Requirement => Will you extract the entries word for word? Images should not appear in the copy.

Short text fragments from websites =>
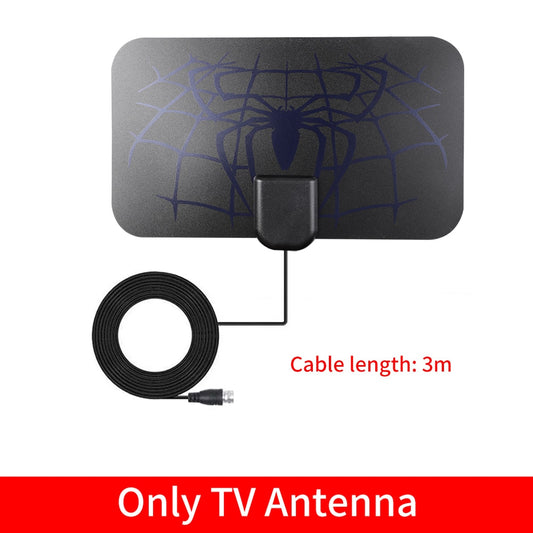 TV Antenna HD TV DTV Box Digital Aerial Flat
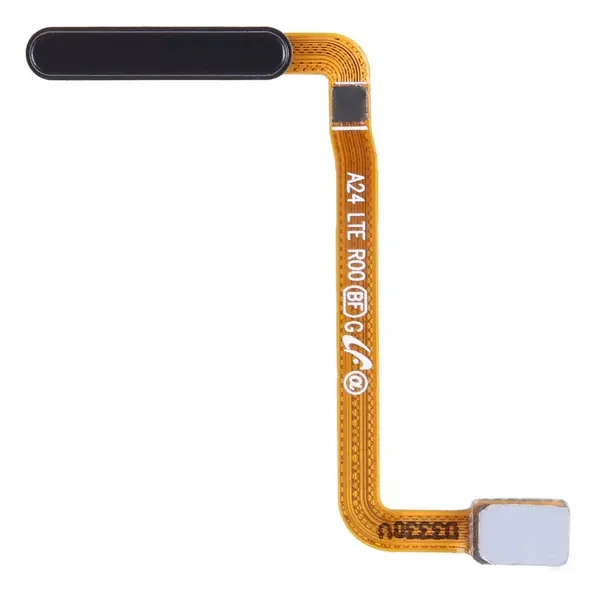 MR1_105371 Шлейф samsung galaxy a24 4g sm-a245f (сканер відбитку пальця) black 
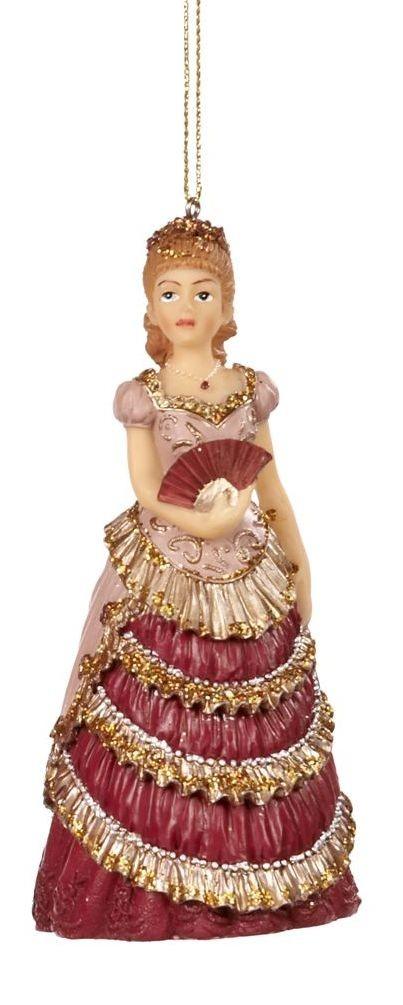 Castelana ornament 13 cm - Nitzi.ro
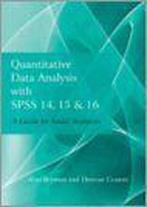 Quantitative Data Analysis With Spss 14, 15 And 16, Boeken, Verzenden, Gelezen, Duncan Cramer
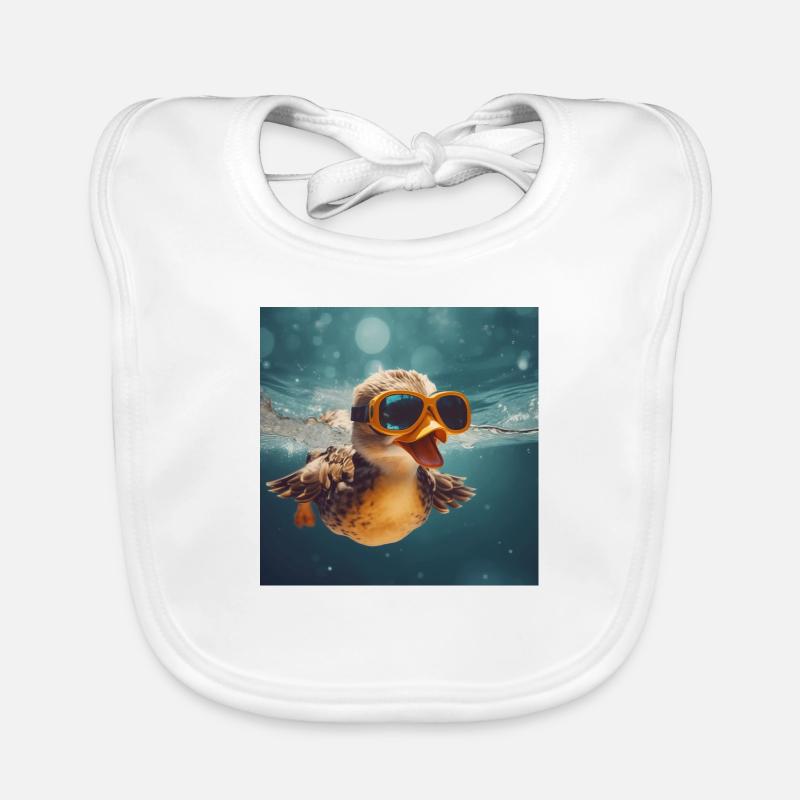Duck Organic Baby Bibs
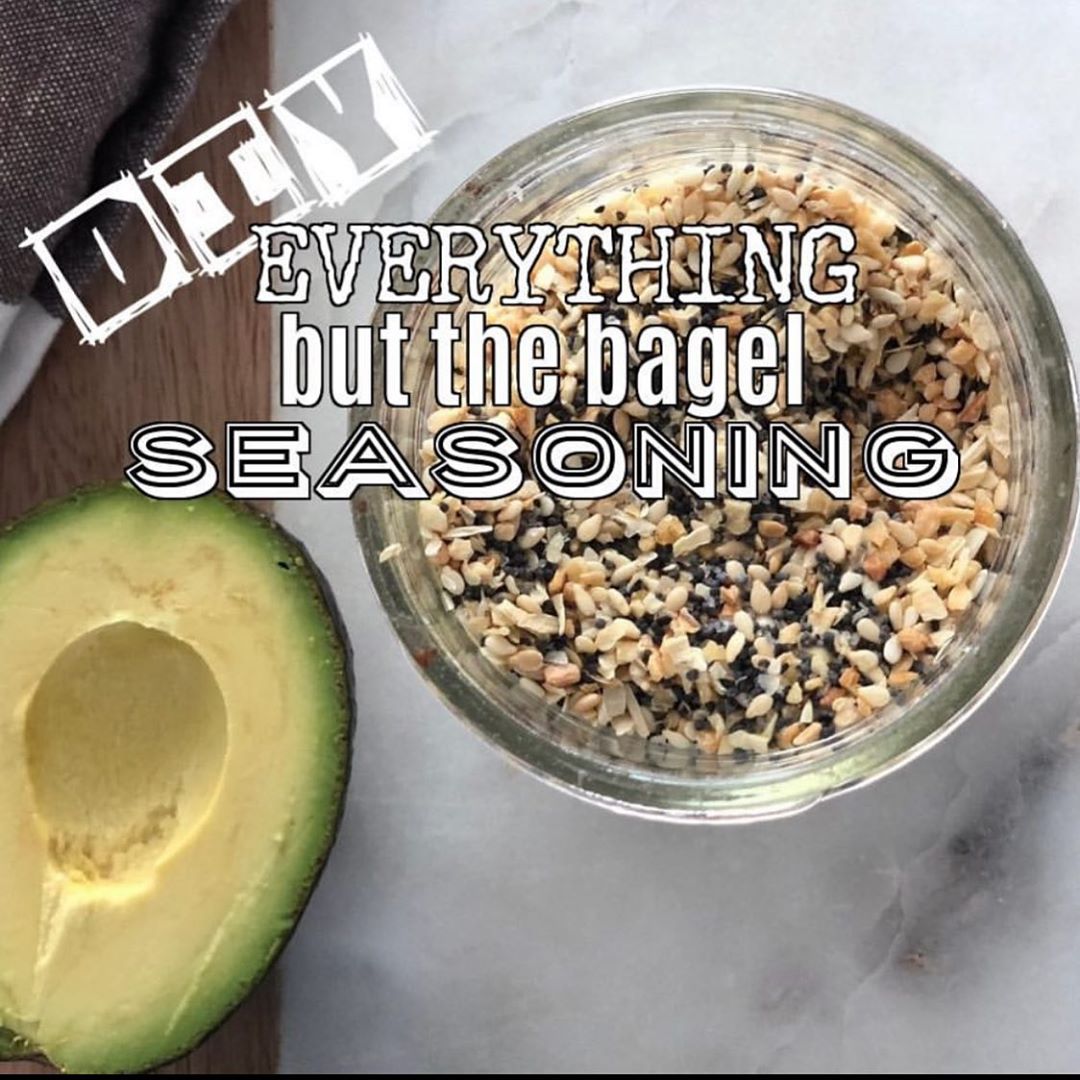 Everything But The Bagel Seasoning Copycat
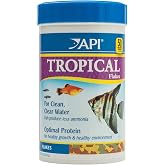 API TROPICAL FLAKES Fish Food 5.7-Ounce Container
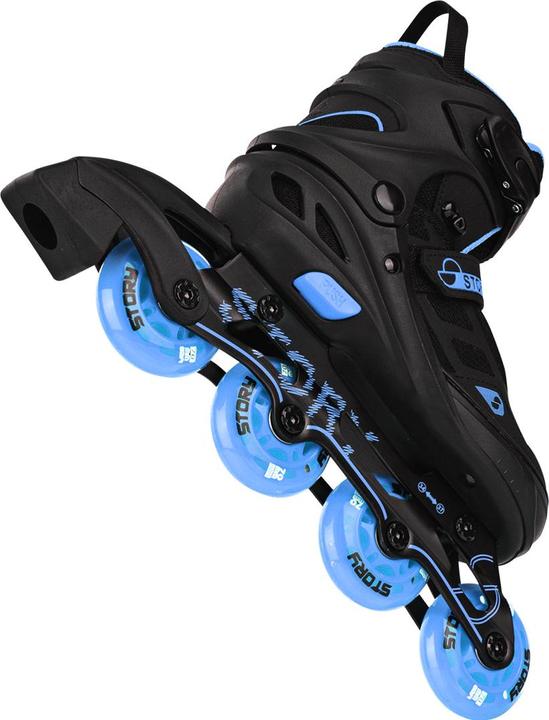 Actual product image Story Fusion adjustable inline skates blue 30-33 (1101005034447) (30, 31, 32, 33)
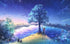 Falling Stars Anime Landscape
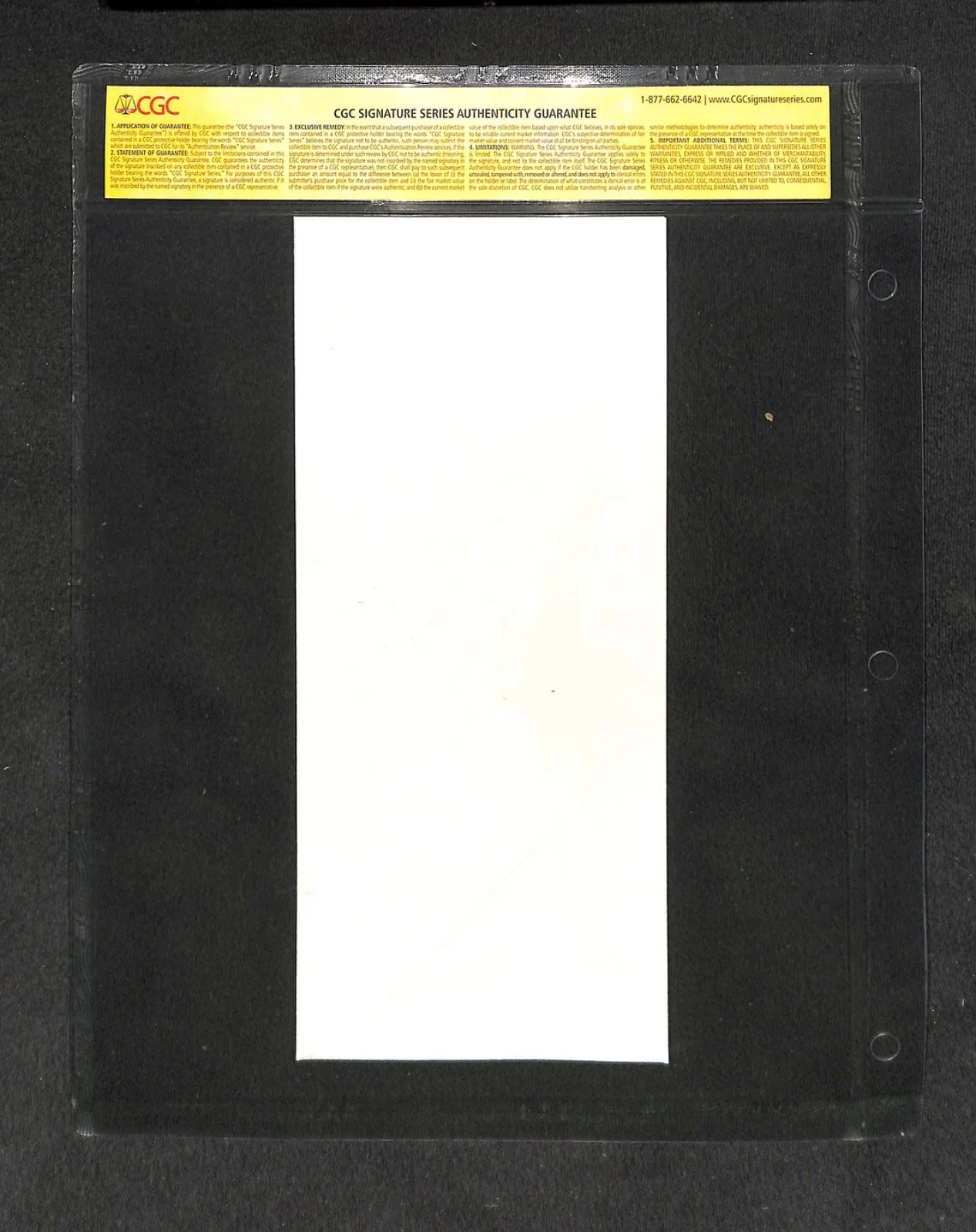Signed Stan Lee Dr Doom Envelope Autograph Make Mine Marvel inscription Auto CGC, image 3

Solution to the problem =>
 TV Antenna HD TV DTV Box Digital Aerial Flat
 MR1_105371 Шлейф samsung galaxy a24 4g sm-a245f (сканер відбитку пальця) black 
 Castelana ornament 13 cm - Nitzi.ro
 Quantitative Data Analysis With Spss 14, 15 And 16, Boeken, Verzenden, Gelezen, Duncan Cramer
Duck Organic Baby Bibs
 Everything But The Bagel Seasoning Copycat
 API TROPICAL FLAKES Fish Food 5.7-Ounce Container
 Actual product image Story Fusion adjustable inline skates blue 30-33 (1101005034447) (30, 31, 32, 33)
 Falling Stars Anime Landscape
Signed Stan Lee Dr Doom Envelope Autograph Make Mine Marvel inscription Auto CGC, image 3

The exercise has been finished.